The Washington Post series titled “The Afghanistan Papers: A Secret History of the War” charges that “senior U.S. officials failed to tell the truth about the war in Afghanistan throughout the 18-year campaign.” As someone who was both an occasional participant in and frequent critic of the Bush and Obama administrations' Afghan policy deliberations, I find this charge considerably exaggerated.
As the special envoy for Afghanistan, I participated in Bush and Obama administration deliberations over the scope of the American military engagement in Afghanistan in 2001-2 and again in 2013-14. Both these debates, like many others documented in this series, pitted the minimizers against the maximizers.
Secretary of Defense Donald Rumsfeld in 2002 and President Obama in 2014 were minimizers. They honestly believed that American interests would be best served by severely limiting the size and mission of American forces in Afghanistan. (Rumsfeld went on to advocate the same view in Iraq.) Based on my own experience dealing with Bosnia and Kosovo during the previous decade, I argued for more troops in 2002 and against fewer troops in 2014. I lost this argument on both occasions.
These deliberations were conducted in private but were reported in the media at the time. The series prominently displays several of my own critical observations as if these were new revelations, whereas they simply repeat my longstanding public critiques. After leaving office in 2002 and again in 2014, I published detailed accounts of those internal discussions. My experience was that those who had prevailed sincerely felt their decisions to be the best available and went on to defend them openly. Both Rumsfeld and Obama publicly argued that less was better. Those below saluted and set about implementing what they correctly felt to be lawful orders and duly considered policy.
All three administrations since 2001 have maintained that they were not engaged in nation building. But there was no secret about the range of programs the United States was supporting. In 2014 Obama announced the end of American combat operations, but he acknowledged that American forces would continue advising and supporting the Afghan army and conducting counterterrorism missions.
These semantic efforts to present the mission in more palatable terms hardly qualify as deception, since U.S. activities in Afghanistan continued to be subject to extensive media reporting and congressional scrutiny. As others have already noted, the numerous setbacks, mistakes and internal policy debates cited in these articles have been the topic of earlier reporting, not least by the special inspector general for Afghan reconstruction and the Washington Post.
The comparison this series invites to the Pentagon Papers is thus misleading. That earlier trove of highly classified documents showed that officials were writing one thing and simultaneously saying something incompatible, whereas the Post series is largely derived from unclassified interviews conducted years after the events in question. Not surprisingly hindsight proves more insightful than foresight.
The American people have been disenchanted with this war for at least a decade. Successive administrations have moved to limit American engagement without precipitating a yet worse outcome. There is already plenty of blame to go around. Adding the charge of bad faith to that of bad judgment only muddies the water, making objective reflection and enduring lessons more difficult to achieve.
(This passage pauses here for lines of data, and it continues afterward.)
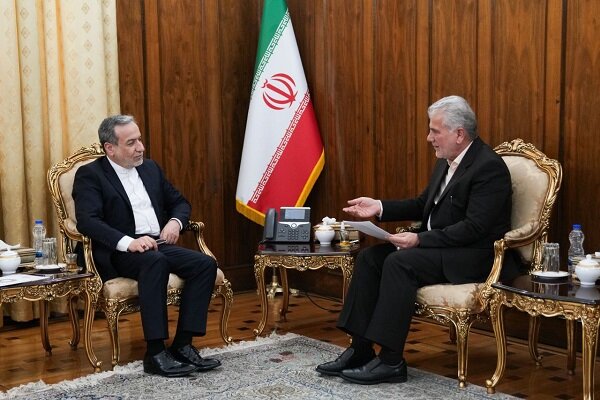 دیدار مدیر عامل هواپیمایی جمهوری اسلامی ایران با وزیر امور خارجه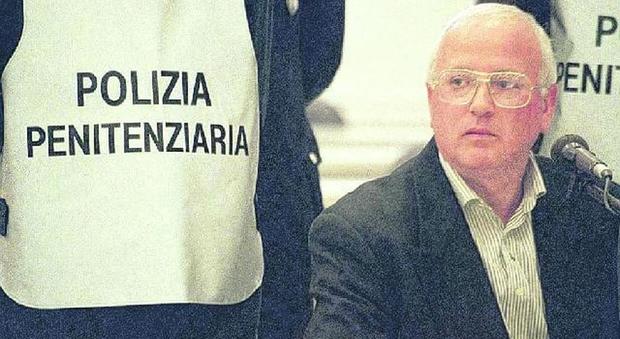 Il boss Raffaele Cutolo rompe il silenzio: «Vogliono farmi pentire, ma io non tradirò mai»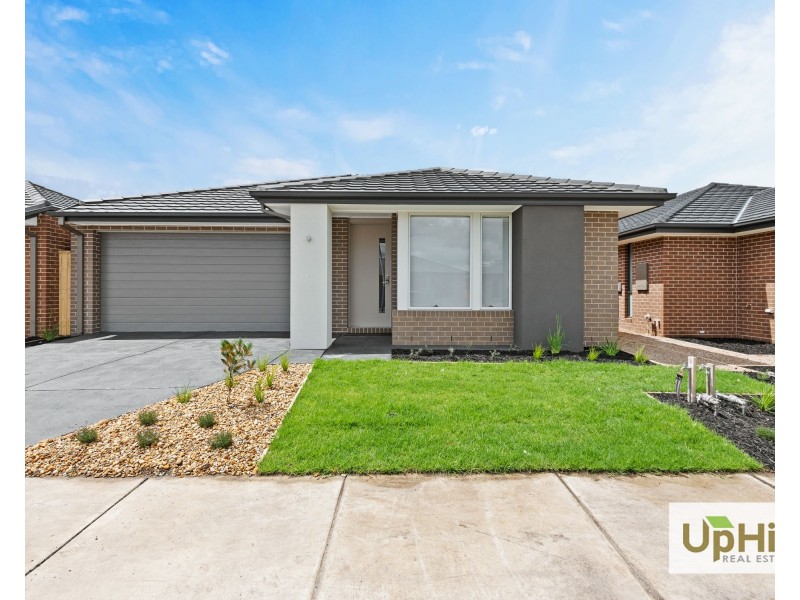 7 Luxembourg Ave, Clyde North VIC 3978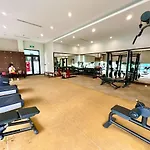 Beautiful View, Modern Studio Apartment 3\' To Walking Lake, Gym And Swimming Pools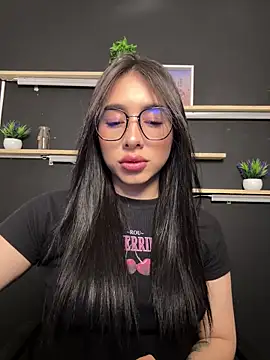 isabella jade online show from 12/04/25, 10:40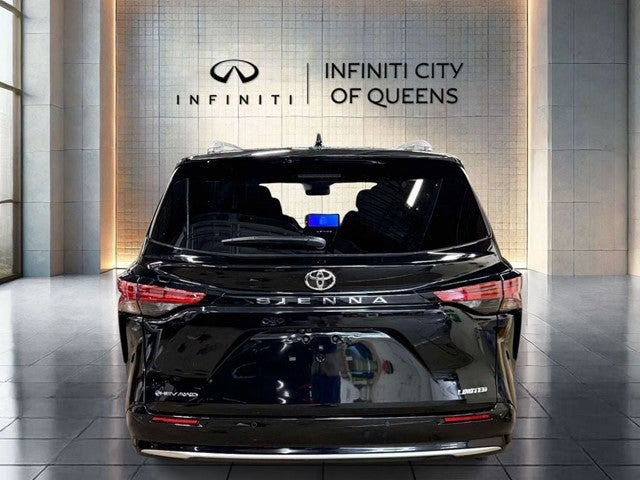 2026 Toyota Sienna Limited 7 Passenger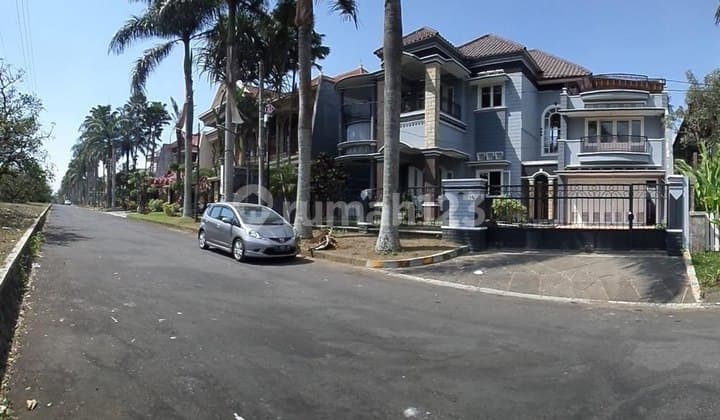 I33 Disewakan Rumah Luas + Ada Kolam Renang Pribadi di Malang Raya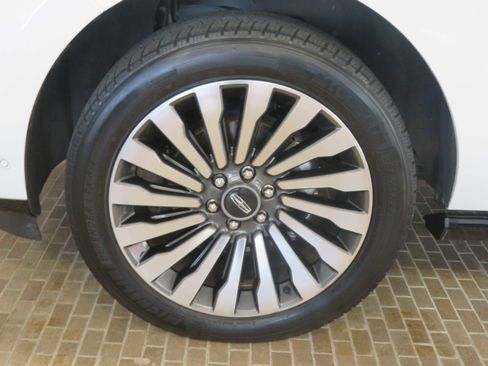 Used 2020 Lincoln Navigator Reserve w/ Luxury Package image 7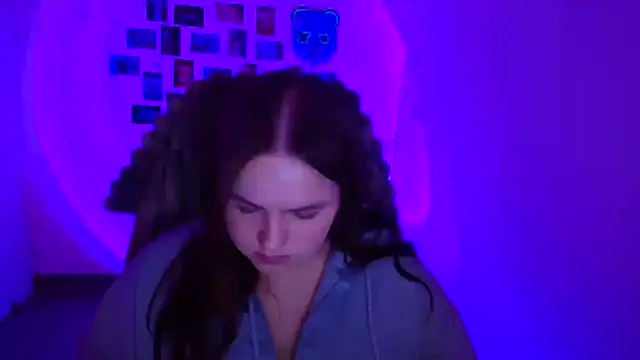 Kitty_Mia_Kitty webcam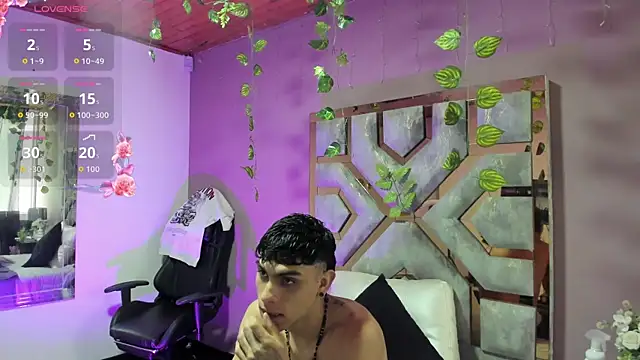 SCARLEXXX LYAN online show from June 2026 07:07:01 PM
James Dobbins, a senior fellow with the RAND Corporation, was the Bush administration's special envoy for Afghanistan after 9/11 and the Obama administration's special representative for Afghanistan and Pakistan in 2013-4.
This commentary originally appeared on The Hill on December 17, 2019. Commentary gives RAND researchers a platform to convey insights based on their professional expertise and often on their peer-reviewed research and analysis.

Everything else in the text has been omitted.